#### Action item
Look through the data below and extract, unchanged, the lines from the one that contains "8 Carrie Drive, Howell" to the one that contains "Photo of property", both included.

#### Listed records
···
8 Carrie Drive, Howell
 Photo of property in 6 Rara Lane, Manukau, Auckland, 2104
···
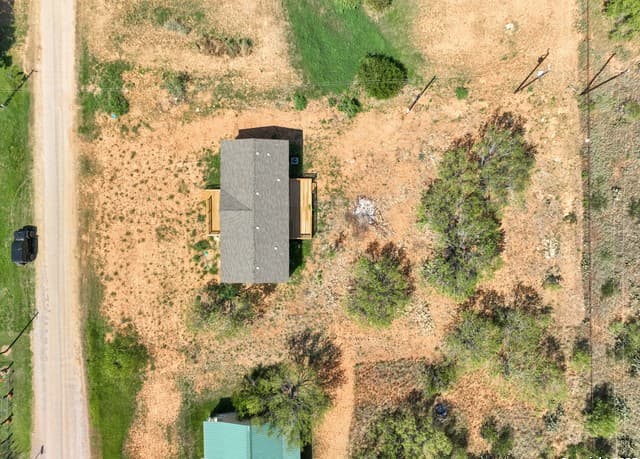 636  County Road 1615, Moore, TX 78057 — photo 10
···
#### Output for this task
8 Carrie Drive, Howell
 Photo of property in 6 Rara Lane, Manukau, Auckland, 2104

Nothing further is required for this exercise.